What do I do when I receive notice of a wage levy from my employer?
For many folks the wage levy presents a vicious cycle. You work as hard as you did before the levy hit, but now you are only taking home a fraction of what you worked for. Many taxpayers up and quit their jobs, only to find that the IRS has caught up with them again when a new employer files a W-2 on them.
You must take immediate action. If you have unfiled returns, you must get them on file, or the IRS will not consider any alternative to the powerful wage levy. Regardless of whether or not you are completely filed up, you (or a local licensed tax professional) need to call the number for the IRS listed on the levy notice. Note, tax professionals have a priority number for calls such as these, since time is almost always of the essence. You need to have a plan of action in place when you call them.
For instance, if you have unfiled returns, you need to give them a date when you can have the returns filed. You can also request hardship status or suggest an installment agreement, which are covered in more depth on my site. You may also advise them that you are filing an Offer in Compromise. If the IRS representative deems your requests to be in good faith, the wage levy will stop, pending the outcome of the collection alternative you seek.

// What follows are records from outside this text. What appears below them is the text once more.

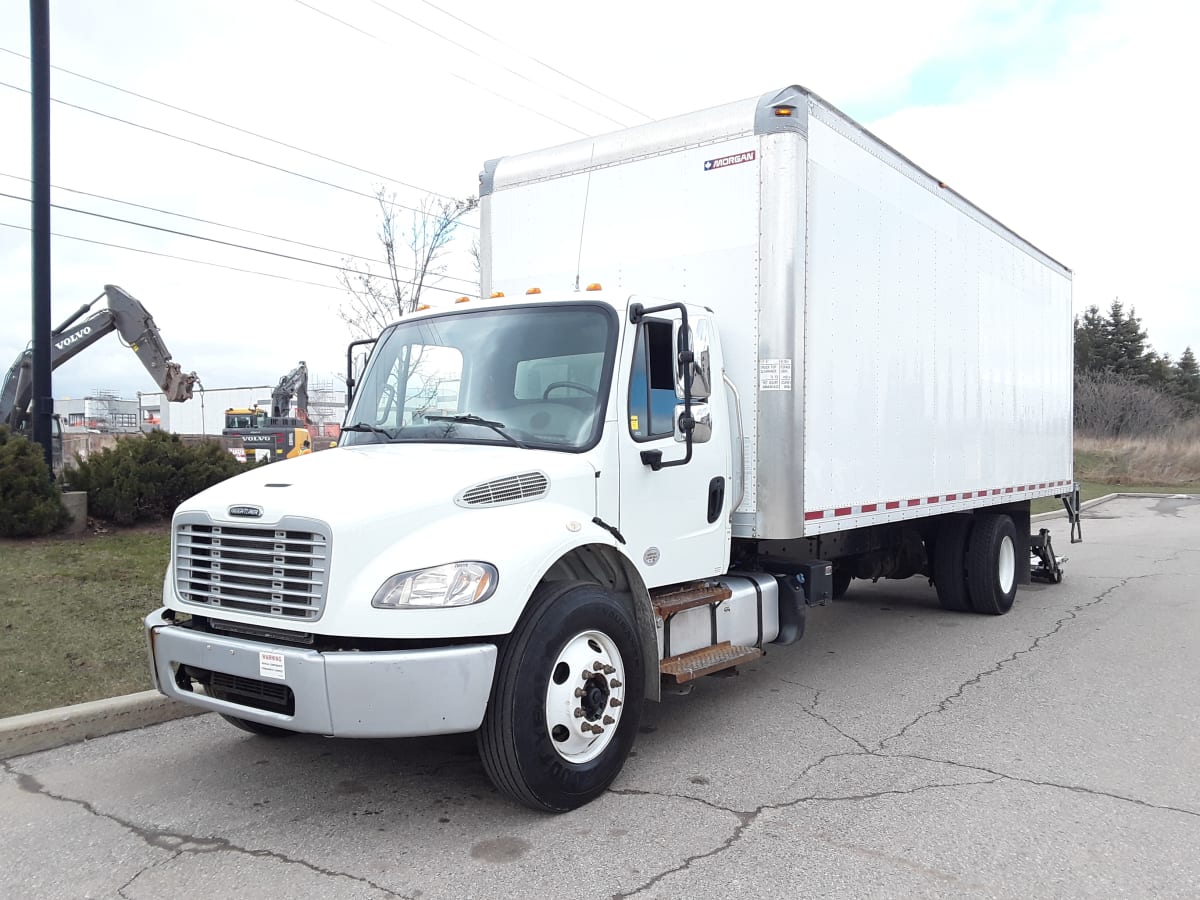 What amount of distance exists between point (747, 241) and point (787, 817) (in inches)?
133

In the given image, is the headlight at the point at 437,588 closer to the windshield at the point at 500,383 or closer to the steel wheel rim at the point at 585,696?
the steel wheel rim at the point at 585,696

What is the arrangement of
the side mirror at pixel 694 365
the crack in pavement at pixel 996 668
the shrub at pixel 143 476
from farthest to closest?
the shrub at pixel 143 476 → the crack in pavement at pixel 996 668 → the side mirror at pixel 694 365

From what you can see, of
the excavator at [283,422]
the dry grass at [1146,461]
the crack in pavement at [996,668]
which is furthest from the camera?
the dry grass at [1146,461]

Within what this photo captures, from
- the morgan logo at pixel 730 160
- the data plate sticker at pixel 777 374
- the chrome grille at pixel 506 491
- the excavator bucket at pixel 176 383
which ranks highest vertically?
the morgan logo at pixel 730 160

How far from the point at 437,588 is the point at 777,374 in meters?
2.79

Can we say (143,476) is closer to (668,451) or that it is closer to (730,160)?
(668,451)

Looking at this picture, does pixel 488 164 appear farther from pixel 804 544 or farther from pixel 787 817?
pixel 787 817

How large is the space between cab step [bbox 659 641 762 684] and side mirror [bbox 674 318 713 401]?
4.93 ft

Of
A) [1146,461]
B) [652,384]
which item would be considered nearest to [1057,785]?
[652,384]

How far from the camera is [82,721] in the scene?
5.47 meters

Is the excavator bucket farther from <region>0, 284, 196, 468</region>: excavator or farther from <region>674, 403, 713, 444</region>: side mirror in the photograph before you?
<region>674, 403, 713, 444</region>: side mirror

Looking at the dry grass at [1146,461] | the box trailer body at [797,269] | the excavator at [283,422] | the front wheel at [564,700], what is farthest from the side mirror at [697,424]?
the dry grass at [1146,461]

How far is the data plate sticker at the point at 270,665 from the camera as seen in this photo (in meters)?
3.97

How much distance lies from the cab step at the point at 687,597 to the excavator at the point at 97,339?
1353 centimetres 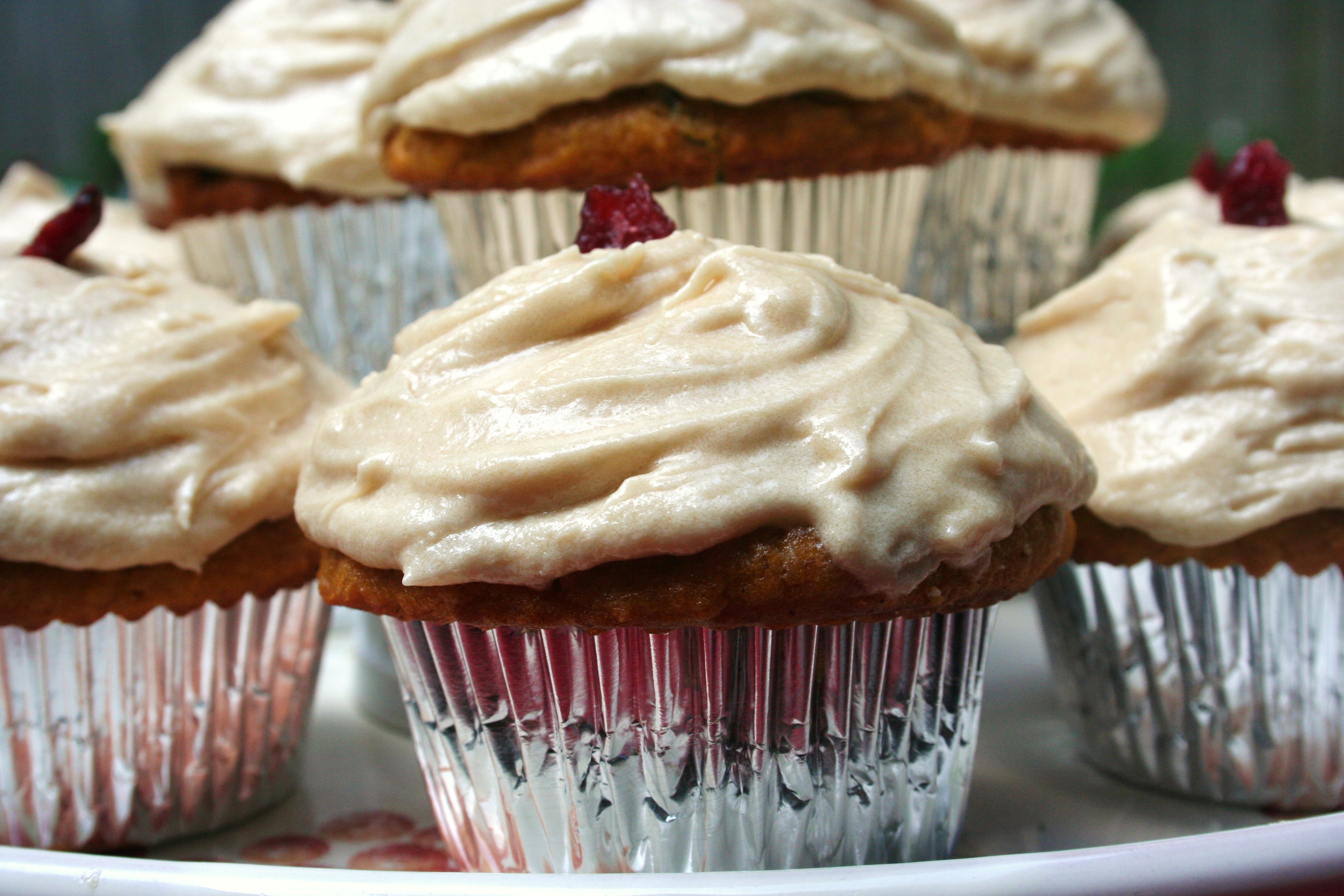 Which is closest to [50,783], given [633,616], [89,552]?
[89,552]

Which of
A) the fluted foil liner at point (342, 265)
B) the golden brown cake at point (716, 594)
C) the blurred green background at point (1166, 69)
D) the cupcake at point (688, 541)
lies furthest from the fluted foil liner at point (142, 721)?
the blurred green background at point (1166, 69)

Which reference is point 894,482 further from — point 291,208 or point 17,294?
point 291,208

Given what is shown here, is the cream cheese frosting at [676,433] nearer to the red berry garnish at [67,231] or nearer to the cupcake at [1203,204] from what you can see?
the red berry garnish at [67,231]

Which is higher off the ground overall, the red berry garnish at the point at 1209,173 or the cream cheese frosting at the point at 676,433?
the cream cheese frosting at the point at 676,433

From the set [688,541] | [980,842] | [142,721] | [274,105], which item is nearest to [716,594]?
[688,541]

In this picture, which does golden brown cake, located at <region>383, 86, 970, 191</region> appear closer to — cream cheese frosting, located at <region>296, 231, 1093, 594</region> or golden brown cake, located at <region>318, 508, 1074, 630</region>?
cream cheese frosting, located at <region>296, 231, 1093, 594</region>

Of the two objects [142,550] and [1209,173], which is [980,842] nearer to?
[142,550]

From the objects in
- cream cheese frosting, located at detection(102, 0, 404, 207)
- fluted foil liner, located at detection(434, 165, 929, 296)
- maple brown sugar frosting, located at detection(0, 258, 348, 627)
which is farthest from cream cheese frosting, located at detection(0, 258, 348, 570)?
cream cheese frosting, located at detection(102, 0, 404, 207) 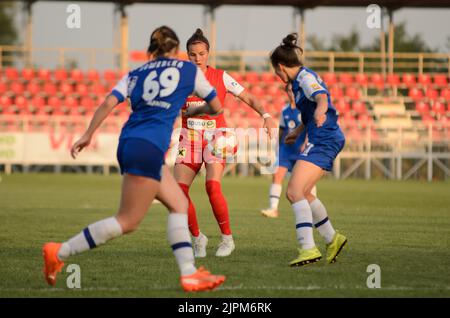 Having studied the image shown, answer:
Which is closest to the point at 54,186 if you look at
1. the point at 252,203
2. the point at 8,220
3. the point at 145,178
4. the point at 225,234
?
the point at 252,203

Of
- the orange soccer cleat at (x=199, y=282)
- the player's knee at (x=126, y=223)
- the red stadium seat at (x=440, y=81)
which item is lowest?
the orange soccer cleat at (x=199, y=282)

You will also be asked to fill out a 433-A (if a Revenue Officer is involved) or a 433-F, if you are dealing with the IRS' Automated Collection Service. This document determines your eligibility for nearly every collection alternative program the IRS offers. I don't recommend that any taxpayer draft this document alone. There are many subtle nuances to these forms, and you should hire a qualified tax professional to navigate you through this process.